Start of Block
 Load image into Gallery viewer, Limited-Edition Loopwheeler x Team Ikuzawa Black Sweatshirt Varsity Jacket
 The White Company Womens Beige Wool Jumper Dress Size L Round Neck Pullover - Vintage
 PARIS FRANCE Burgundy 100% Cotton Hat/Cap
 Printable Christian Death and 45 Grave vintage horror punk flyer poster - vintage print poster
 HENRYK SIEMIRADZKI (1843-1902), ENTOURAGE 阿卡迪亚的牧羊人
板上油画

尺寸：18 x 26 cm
End of Block
Start of Block
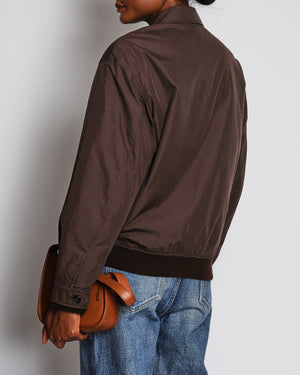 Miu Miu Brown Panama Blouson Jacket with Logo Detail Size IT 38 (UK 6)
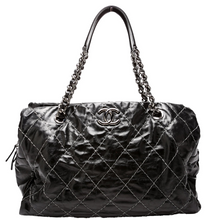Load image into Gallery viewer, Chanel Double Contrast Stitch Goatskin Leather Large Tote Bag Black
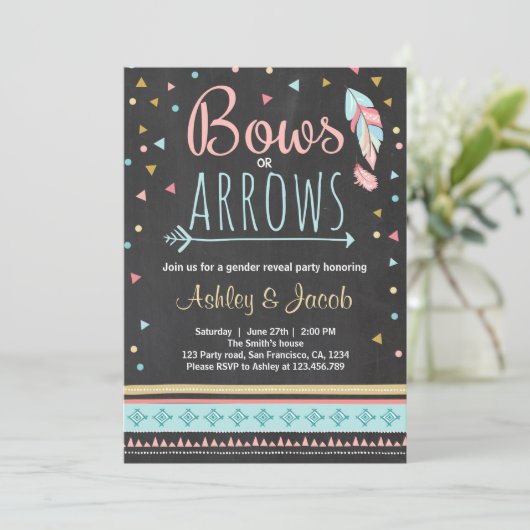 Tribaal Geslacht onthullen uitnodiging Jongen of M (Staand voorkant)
End of Block
What to work on
Could you write out, exactly as they stand, only the lines above that begin at the line with "The White Company" and stop after the line with "尺寸：18 x 26 cm"?

Response area
 The White Company Womens Beige Wool Jumper Dress Size L Round Neck Pullover - Vintage
 PARIS FRANCE Burgundy 100% Cotton Hat/Cap
 Printable Christian Death and 45 Grave vintage horror punk flyer poster - vintage print poster
 HENRYK SIEMIRADZKI (1843-1902), ENTOURAGE 阿卡迪亚的牧羊人
板上油画

尺寸：18 x 26 cm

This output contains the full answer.